The viral video of the chaos of Handforth Council has alerted the nation to a well kept secret – council meetings can be far more lively and entertaining than you might believe them to be.
Pre-empting any ‘kerfuffle’, Bristol mayor Marvin Rees attempted to impose discipline on this year’s budget-setting session from the off. With this being the last such exercise before local elections, due in May, he warned of “the temptation to make the usual council bunfights”.
But while opposition parties gamely presented their amendments, the four-hour meeting ended predictably with the budget narrowly passing on party lines. Similarly, Labour was able to use its majority on the council to stop the passage of all the amendments except the party’s own.
Twelve-odd years of austerity meant that in terms of revenue spending the council has relatively little room for manoeuvre. This meant that of the £424m budget presented, 99.5% was uncontested. In the absence of major disagreement over spending choices, Marvin based his pitch on competence, saying: “I think back on the £30m hole in the budget that we inherited… this budget gets the basics right.”
Similarly the deputy Mayor with responsibility for finance, Craig Cheney, said: “The reality of 12 years of austerity means very few decisions can be done without a decision to deprioritise something else.”
The lack of wriggle room on local service spending came through in the relatively minor opposition amendments where the Lib Dems and Tories appealed for more money for playground repairs, defibrillator signposts and free parking at Blaise Castle. Labour’s own group asked for more money to fund seven extra waste enforcement officers, prompting Mark Weston to recount a memorable story about picking up “80 bags of [dog] faeces in just 30 minutes!”
The opposition often targeted the costs of the mayor’s office and what they called “money for PR” – and what the administration called “consultation services” – to pay for these activities. It was clear all parties had May’s local elections in mind.
Other proposals for extra special educational needs and disabilities (SEND) funding were met by a response that this was allocated “according to a complex central government formula”. Again the message was that councillors had no capacity to make big changes to the budget.
‘We shouldn’t raise rents in the run-up to the election’
The most dramatic moment in the whole meeting came when Labour’s Nicola Bowden-Jones, speaking in favour of a motion she co-sponsored with the Green Party, angrily accused her colleagues of undermining the programme to build more council housing by proceeding with a short-term rent freeze.
“Let’s be honest – this council rent freeze has nothing to do with coronavirus or helping people on low incomes,” Jones said. “I’ve been at the Labour group meetings where speaker after speaker supporting the freeze starts by saying, ‘Ooh, we shouldn’t raise rents in the run-up to the election’.”
Her claims were dismissed as “untruths” and “unfair slurs” by Cheney, who insisted council housing rents were being frozen because of hardship caused by the pandemic.

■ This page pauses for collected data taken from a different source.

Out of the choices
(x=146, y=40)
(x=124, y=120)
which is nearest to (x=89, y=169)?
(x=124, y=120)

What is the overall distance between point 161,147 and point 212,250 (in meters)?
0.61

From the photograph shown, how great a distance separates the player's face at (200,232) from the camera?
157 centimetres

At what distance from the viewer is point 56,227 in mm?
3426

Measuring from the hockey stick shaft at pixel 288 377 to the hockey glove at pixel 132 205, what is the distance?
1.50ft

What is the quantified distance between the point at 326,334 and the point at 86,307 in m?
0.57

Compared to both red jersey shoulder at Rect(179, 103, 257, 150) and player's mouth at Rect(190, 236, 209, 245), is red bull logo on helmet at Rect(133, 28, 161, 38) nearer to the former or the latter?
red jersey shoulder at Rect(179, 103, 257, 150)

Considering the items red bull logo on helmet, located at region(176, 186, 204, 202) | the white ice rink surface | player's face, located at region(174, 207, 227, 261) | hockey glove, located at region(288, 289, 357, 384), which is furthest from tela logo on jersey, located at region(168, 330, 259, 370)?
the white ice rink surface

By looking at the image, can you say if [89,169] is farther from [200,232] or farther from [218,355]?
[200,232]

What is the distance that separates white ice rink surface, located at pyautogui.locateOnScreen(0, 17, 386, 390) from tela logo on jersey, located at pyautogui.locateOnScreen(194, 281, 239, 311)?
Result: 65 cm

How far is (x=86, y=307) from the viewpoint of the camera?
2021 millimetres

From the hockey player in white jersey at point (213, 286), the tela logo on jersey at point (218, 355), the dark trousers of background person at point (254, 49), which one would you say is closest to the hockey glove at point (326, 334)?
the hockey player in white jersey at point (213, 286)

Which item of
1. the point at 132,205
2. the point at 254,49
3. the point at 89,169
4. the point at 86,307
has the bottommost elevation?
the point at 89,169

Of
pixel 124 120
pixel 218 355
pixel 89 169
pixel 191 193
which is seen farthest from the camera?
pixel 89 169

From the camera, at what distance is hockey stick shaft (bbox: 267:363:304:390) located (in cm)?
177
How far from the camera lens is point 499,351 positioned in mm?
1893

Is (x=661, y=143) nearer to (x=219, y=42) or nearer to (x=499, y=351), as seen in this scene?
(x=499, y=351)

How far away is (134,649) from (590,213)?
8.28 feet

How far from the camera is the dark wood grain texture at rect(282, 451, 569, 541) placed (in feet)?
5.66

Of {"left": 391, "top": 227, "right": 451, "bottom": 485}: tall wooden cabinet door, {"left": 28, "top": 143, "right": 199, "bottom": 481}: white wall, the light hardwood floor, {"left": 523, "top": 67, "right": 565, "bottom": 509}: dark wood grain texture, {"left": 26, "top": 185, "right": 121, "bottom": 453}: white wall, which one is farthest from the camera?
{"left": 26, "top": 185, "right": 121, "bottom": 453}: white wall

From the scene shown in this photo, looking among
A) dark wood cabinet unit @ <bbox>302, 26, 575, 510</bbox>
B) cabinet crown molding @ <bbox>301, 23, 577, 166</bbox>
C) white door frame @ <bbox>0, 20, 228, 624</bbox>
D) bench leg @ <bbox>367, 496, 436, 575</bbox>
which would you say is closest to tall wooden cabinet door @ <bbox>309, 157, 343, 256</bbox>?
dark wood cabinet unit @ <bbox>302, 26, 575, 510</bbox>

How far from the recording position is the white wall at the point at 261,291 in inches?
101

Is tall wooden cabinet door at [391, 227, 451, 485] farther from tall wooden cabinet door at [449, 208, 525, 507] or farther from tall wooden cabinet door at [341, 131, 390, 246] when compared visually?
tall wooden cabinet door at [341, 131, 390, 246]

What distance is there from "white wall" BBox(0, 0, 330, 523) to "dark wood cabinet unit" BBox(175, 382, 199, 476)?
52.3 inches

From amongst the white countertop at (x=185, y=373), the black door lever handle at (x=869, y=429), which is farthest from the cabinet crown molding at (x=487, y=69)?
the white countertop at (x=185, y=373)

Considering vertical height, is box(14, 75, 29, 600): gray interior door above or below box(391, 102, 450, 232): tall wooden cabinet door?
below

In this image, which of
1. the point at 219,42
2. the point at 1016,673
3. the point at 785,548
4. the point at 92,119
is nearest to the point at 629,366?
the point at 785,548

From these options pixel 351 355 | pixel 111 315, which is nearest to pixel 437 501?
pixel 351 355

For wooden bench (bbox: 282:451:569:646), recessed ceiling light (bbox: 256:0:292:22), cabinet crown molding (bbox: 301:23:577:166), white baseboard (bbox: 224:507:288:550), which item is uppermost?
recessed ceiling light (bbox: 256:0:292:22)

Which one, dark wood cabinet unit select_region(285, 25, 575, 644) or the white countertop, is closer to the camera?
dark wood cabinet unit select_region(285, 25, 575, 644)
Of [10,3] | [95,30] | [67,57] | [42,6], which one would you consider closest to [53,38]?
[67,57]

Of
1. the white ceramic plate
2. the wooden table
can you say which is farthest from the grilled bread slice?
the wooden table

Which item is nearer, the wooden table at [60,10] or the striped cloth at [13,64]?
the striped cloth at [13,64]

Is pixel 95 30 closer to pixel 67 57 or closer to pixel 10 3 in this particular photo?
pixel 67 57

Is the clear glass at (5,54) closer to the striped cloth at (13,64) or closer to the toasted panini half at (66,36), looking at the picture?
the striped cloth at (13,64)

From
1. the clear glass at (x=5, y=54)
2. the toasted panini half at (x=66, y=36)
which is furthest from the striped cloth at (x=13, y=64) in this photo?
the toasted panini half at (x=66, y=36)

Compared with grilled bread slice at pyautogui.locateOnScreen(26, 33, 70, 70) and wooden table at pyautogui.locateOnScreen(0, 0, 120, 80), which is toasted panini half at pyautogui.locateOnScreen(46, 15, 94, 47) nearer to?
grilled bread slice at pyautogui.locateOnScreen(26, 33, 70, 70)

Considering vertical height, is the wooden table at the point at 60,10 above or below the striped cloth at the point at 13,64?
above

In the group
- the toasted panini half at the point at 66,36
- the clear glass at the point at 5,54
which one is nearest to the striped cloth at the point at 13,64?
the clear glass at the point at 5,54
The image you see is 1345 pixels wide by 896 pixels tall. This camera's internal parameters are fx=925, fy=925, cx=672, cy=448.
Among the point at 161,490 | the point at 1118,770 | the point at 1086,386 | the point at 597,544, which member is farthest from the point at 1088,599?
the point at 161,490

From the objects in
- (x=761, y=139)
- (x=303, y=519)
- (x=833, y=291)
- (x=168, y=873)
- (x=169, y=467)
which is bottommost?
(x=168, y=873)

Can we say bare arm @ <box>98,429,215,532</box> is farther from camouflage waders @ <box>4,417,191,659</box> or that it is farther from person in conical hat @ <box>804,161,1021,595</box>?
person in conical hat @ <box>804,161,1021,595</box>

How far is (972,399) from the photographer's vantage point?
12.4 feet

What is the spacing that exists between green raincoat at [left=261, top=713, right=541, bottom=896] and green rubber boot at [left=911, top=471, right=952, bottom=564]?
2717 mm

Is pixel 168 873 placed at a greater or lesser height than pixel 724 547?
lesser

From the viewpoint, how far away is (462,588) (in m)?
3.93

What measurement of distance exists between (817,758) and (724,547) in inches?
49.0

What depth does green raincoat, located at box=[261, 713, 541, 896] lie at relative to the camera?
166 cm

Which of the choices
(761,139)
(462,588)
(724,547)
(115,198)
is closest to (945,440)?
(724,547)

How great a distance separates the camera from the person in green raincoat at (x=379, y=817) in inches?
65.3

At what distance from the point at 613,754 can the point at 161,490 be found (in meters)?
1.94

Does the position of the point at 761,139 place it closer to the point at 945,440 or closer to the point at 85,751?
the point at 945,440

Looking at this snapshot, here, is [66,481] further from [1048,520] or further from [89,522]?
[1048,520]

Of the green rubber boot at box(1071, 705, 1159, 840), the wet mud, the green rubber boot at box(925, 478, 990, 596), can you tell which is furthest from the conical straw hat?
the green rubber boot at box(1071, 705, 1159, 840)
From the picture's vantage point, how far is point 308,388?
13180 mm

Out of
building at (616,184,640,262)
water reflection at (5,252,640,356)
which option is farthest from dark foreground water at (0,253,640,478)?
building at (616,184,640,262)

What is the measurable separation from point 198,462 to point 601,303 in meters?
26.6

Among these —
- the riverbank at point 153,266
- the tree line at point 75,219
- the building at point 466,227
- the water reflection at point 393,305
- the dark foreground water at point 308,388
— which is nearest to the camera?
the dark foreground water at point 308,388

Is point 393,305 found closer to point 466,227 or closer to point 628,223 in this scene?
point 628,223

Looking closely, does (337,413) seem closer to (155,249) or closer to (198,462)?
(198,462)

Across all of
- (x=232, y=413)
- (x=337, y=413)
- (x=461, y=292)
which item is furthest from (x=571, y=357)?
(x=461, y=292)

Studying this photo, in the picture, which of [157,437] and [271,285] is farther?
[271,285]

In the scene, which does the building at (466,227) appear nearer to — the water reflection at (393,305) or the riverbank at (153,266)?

Jones said Labour group members had been threatened with deselection in the forthcoming election if they did not vote with the administration – perhaps a factor in her being unable to get significant numbers to join her rebellion? In any case, the amendment failed, as did a proposal by the Greens’ Martin Fodor to reallocate £3.5m from a development levy towards liveable streets, cycle lanes and improvements to parks.
With debate among councillors on day-to-day spending reduced, basically, to questions of who could be the most competent managers, the most interesting and consequential implications of the council’s strategy arguably came from its plans for capital investment. The authority’s documents outline £907m of capital spending for the next five years, including building council housing, money for the Bristol Beacon, flood defences at Avonmouth, school building, implementing the Clean Air Zone, as well as millions for general maintenance of all the council’s properties.
But the truly eye-watering sums come from initiatives where the council is aiming to partner with the private sector. This includes a target of attracting £1bn to decarbonise via the City Leap initiative, ambitious redevelopment proposals for around Temple Meads and plans, which are currently on ice, to lend £23m in cash and land to the council’s arms-length development company Goram Homes. Such initiatives are perhaps the only route for creativity available to councils whose core funding has been cut to the bone. Rees is clearly more excited by working in that domain, telling councillors on Tuesday that there is a “gulf between the quality of conversation that we have here and that which we have in the City Office”.
Yet while the prospect of attracting all this inward investment is exciting, the exotic entrepreneurial structures the council has embraced, as well as the need for commercial confidentiality, shovel responsibility into the hands of the mayor and executive officers in a way that weakens the ability of councillors to provide democratic oversight.
The failures of Bristol Energy, and the growing controversy over the Western Harbour development, show some of the risks that lie behind the glossy prospectuses. One paradox of this situation is that to mitigate against the inherent risks to council taxpayers in these sort of corporate contracts, the council has already approved £962,000 of financial advice from Deloitte and EY, and over £1m in legal fees from Burges Salmon.
Rees said that what matters is “getting things done”. This budget suggests that his administration has decided that the way they can do this, in the context of the neoliberal British state, is to go outside of the council’s structures, which Rees compared to “an old Victorian fairground machine”, to seek injections of private capital.